Activity: Return a copy of every line in the records that includes the word "Home".

Records to use:
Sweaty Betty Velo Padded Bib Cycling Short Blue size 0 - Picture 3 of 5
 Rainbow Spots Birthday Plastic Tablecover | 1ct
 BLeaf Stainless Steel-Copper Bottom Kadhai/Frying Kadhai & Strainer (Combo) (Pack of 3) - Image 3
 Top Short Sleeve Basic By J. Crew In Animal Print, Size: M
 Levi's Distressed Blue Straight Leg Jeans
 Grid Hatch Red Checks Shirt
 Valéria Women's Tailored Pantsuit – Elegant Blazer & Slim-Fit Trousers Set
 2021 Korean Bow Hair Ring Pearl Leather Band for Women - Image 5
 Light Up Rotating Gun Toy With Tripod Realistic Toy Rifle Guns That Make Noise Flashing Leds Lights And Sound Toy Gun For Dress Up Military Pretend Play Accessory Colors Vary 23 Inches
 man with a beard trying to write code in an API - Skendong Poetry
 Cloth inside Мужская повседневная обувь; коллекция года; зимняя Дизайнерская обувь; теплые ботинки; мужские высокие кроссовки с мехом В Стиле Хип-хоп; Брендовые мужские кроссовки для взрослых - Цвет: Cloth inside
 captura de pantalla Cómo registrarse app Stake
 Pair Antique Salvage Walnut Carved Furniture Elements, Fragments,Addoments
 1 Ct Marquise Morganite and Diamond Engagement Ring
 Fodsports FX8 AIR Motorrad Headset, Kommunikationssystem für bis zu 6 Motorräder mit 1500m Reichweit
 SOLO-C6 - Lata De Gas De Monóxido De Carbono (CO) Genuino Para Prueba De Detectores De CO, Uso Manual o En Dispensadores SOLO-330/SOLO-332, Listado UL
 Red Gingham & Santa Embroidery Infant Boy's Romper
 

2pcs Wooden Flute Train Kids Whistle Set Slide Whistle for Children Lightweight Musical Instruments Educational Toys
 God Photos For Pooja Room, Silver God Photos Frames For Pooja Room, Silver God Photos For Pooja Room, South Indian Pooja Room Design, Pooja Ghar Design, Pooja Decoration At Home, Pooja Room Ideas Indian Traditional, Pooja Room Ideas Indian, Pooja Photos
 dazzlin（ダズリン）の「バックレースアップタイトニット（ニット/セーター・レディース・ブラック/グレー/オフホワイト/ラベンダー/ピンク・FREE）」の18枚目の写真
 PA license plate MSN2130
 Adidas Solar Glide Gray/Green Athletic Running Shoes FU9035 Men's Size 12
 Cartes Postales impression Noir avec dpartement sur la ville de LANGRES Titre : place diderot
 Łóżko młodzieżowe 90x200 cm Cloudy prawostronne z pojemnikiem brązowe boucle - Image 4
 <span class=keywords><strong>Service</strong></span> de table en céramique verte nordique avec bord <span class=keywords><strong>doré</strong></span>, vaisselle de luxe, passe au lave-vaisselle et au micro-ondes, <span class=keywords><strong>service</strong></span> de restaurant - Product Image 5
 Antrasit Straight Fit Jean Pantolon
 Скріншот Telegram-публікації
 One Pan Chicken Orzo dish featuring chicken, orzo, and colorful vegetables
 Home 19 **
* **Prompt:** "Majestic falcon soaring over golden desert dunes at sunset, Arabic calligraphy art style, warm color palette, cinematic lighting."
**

Result:
 God Photos For Pooja Room, Silver God Photos Frames For Pooja Room, Silver God Photos For Pooja Room, South Indian Pooja Room Design, Pooja Ghar Design, Pooja Decoration At Home, Pooja Room Ideas Indian Traditional, Pooja Room Ideas Indian, Pooja Photos
 Home 19 **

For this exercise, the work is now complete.